** TO DO **
All records shown below should be given again, character for character.

▶

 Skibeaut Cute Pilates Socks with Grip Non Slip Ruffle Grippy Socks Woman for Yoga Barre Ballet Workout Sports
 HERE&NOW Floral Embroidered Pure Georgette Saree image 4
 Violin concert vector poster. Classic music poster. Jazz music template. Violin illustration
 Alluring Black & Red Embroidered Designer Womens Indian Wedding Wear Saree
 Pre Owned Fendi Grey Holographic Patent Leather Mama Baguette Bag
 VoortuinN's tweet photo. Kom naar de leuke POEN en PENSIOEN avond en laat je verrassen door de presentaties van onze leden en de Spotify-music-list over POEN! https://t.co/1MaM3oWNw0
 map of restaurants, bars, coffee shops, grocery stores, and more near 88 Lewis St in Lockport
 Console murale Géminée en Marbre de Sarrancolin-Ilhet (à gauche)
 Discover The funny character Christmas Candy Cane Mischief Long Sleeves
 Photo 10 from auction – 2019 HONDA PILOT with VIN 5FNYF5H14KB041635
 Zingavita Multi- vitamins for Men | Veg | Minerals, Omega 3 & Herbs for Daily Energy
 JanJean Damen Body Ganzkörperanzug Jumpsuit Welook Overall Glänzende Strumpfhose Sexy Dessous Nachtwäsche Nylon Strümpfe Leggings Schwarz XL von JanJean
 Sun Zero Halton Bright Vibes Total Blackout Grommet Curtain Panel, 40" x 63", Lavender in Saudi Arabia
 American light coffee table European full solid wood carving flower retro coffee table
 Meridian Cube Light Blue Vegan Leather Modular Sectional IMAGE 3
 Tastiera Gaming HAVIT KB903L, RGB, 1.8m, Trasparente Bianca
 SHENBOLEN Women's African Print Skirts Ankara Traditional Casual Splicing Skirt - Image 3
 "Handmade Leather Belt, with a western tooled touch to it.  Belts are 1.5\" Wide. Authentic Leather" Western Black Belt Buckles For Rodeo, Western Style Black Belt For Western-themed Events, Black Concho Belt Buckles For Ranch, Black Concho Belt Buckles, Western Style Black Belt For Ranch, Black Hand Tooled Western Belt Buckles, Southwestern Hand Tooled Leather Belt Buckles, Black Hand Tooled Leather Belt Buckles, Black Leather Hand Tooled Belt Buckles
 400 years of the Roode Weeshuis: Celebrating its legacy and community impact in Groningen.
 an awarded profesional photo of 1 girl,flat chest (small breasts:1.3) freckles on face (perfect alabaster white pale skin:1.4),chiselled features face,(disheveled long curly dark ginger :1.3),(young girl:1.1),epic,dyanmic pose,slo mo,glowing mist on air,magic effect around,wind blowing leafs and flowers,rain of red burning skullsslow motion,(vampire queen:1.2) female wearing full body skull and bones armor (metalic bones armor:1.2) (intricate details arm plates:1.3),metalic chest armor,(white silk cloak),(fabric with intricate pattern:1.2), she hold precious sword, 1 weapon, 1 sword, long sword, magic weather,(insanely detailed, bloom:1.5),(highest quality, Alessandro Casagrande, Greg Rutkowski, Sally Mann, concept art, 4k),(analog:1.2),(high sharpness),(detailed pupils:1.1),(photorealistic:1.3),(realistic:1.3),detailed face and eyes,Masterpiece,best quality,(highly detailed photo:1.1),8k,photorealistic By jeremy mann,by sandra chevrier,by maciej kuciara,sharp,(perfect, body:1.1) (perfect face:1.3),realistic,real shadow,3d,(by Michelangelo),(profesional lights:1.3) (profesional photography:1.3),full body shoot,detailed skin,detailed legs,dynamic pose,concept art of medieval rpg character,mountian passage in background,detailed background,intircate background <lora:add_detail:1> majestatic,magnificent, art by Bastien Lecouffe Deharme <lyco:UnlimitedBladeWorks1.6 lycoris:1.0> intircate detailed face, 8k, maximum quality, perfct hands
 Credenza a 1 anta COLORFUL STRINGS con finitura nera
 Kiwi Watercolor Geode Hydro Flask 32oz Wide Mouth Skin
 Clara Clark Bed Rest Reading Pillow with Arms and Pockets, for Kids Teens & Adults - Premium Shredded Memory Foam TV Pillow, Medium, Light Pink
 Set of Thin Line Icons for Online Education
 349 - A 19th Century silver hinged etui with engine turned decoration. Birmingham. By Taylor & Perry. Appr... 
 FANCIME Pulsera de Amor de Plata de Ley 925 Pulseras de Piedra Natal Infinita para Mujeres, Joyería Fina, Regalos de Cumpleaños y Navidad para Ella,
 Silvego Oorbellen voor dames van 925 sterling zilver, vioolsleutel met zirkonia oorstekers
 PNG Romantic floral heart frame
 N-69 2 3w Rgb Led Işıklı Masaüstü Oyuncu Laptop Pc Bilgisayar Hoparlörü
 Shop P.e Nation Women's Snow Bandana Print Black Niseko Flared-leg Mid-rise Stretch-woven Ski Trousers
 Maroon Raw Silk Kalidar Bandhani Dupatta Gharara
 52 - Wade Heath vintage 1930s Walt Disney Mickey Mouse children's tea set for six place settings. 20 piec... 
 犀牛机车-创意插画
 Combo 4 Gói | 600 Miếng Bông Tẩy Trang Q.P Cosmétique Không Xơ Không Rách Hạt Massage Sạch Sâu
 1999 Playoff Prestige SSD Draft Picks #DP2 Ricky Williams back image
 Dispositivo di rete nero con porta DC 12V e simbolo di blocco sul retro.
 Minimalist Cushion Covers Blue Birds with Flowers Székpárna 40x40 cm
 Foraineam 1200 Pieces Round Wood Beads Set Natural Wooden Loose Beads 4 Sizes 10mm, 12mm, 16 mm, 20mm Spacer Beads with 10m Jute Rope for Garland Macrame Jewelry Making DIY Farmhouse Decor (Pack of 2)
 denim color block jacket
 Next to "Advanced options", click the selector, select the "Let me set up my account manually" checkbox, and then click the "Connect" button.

◀

** EXERCISE OUTPUT **
 Skibeaut Cute Pilates Socks with Grip Non Slip Ruffle Grippy Socks Woman for Yoga Barre Ballet Workout Sports
 HERE&NOW Floral Embroidered Pure Georgette Saree image 4
 Violin concert vector poster. Classic music poster. Jazz music template. Violin illustration
 Alluring Black & Red Embroidered Designer Womens Indian Wedding Wear Saree
 Pre Owned Fendi Grey Holographic Patent Leather Mama Baguette Bag
 VoortuinN's tweet photo. Kom naar de leuke POEN en PENSIOEN avond en laat je verrassen door de presentaties van onze leden en de Spotify-music-list over POEN! https://t.co/1MaM3oWNw0
 map of restaurants, bars, coffee shops, grocery stores, and more near 88 Lewis St in Lockport
 Console murale Géminée en Marbre de Sarrancolin-Ilhet (à gauche)
 Discover The funny character Christmas Candy Cane Mischief Long Sleeves
 Photo 10 from auction – 2019 HONDA PILOT with VIN 5FNYF5H14KB041635
 Zingavita Multi- vitamins for Men | Veg | Minerals, Omega 3 & Herbs for Daily Energy
 JanJean Damen Body Ganzkörperanzug Jumpsuit Welook Overall Glänzende Strumpfhose Sexy Dessous Nachtwäsche Nylon Strümpfe Leggings Schwarz XL von JanJean
 Sun Zero Halton Bright Vibes Total Blackout Grommet Curtain Panel, 40" x 63", Lavender in Saudi Arabia
 American light coffee table European full solid wood carving flower retro coffee table
 Meridian Cube Light Blue Vegan Leather Modular Sectional IMAGE 3
 Tastiera Gaming HAVIT KB903L, RGB, 1.8m, Trasparente Bianca
 SHENBOLEN Women's African Print Skirts Ankara Traditional Casual Splicing Skirt - Image 3
 "Handmade Leather Belt, with a western tooled touch to it.  Belts are 1.5\" Wide. Authentic Leather" Western Black Belt Buckles For Rodeo, Western Style Black Belt For Western-themed Events, Black Concho Belt Buckles For Ranch, Black Concho Belt Buckles, Western Style Black Belt For Ranch, Black Hand Tooled Western Belt Buckles, Southwestern Hand Tooled Leather Belt Buckles, Black Hand Tooled Leather Belt Buckles, Black Leather Hand Tooled Belt Buckles
 400 years of the Roode Weeshuis: Celebrating its legacy and community impact in Groningen.
 an awarded profesional photo of 1 girl,flat chest (small breasts:1.3) freckles on face (perfect alabaster white pale skin:1.4),chiselled features face,(disheveled long curly dark ginger :1.3),(young girl:1.1),epic,dyanmic pose,slo mo,glowing mist on air,magic effect around,wind blowing leafs and flowers,rain of red burning skullsslow motion,(vampire queen:1.2) female wearing full body skull and bones armor (metalic bones armor:1.2) (intricate details arm plates:1.3),metalic chest armor,(white silk cloak),(fabric with intricate pattern:1.2), she hold precious sword, 1 weapon, 1 sword, long sword, magic weather,(insanely detailed, bloom:1.5),(highest quality, Alessandro Casagrande, Greg Rutkowski, Sally Mann, concept art, 4k),(analog:1.2),(high sharpness),(detailed pupils:1.1),(photorealistic:1.3),(realistic:1.3),detailed face and eyes,Masterpiece,best quality,(highly detailed photo:1.1),8k,photorealistic By jeremy mann,by sandra chevrier,by maciej kuciara,sharp,(perfect, body:1.1) (perfect face:1.3),realistic,real shadow,3d,(by Michelangelo),(profesional lights:1.3) (profesional photography:1.3),full body shoot,detailed skin,detailed legs,dynamic pose,concept art of medieval rpg character,mountian passage in background,detailed background,intircate background <lora:add_detail:1> majestatic,magnificent, art by Bastien Lecouffe Deharme <lyco:UnlimitedBladeWorks1.6 lycoris:1.0> intircate detailed face, 8k, maximum quality, perfct hands
 Credenza a 1 anta COLORFUL STRINGS con finitura nera
 Kiwi Watercolor Geode Hydro Flask 32oz Wide Mouth Skin
 Clara Clark Bed Rest Reading Pillow with Arms and Pockets, for Kids Teens & Adults - Premium Shredded Memory Foam TV Pillow, Medium, Light Pink
 Set of Thin Line Icons for Online Education
 349 - A 19th Century silver hinged etui with engine turned decoration. Birmingham. By Taylor & Perry. Appr... 
 FANCIME Pulsera de Amor de Plata de Ley 925 Pulseras de Piedra Natal Infinita para Mujeres, Joyería Fina, Regalos de Cumpleaños y Navidad para Ella,
 Silvego Oorbellen voor dames van 925 sterling zilver, vioolsleutel met zirkonia oorstekers
 PNG Romantic floral heart frame
 N-69 2 3w Rgb Led Işıklı Masaüstü Oyuncu Laptop Pc Bilgisayar Hoparlörü
 Shop P.e Nation Women's Snow Bandana Print Black Niseko Flared-leg Mid-rise Stretch-woven Ski Trousers
 Maroon Raw Silk Kalidar Bandhani Dupatta Gharara
 52 - Wade Heath vintage 1930s Walt Disney Mickey Mouse children's tea set for six place settings. 20 piec... 
 犀牛机车-创意插画
 Combo 4 Gói | 600 Miếng Bông Tẩy Trang Q.P Cosmétique Không Xơ Không Rách Hạt Massage Sạch Sâu
 1999 Playoff Prestige SSD Draft Picks #DP2 Ricky Williams back image
 Dispositivo di rete nero con porta DC 12V e simbolo di blocco sul retro.
 Minimalist Cushion Covers Blue Birds with Flowers Székpárna 40x40 cm
 Foraineam 1200 Pieces Round Wood Beads Set Natural Wooden Loose Beads 4 Sizes 10mm, 12mm, 16 mm, 20mm Spacer Beads with 10m Jute Rope for Garland Macrame Jewelry Making DIY Farmhouse Decor (Pack of 2)
 denim color block jacket
 Next to "Advanced options", click the selector, select the "Let me set up my account manually" checkbox, and then click the "Connect" button.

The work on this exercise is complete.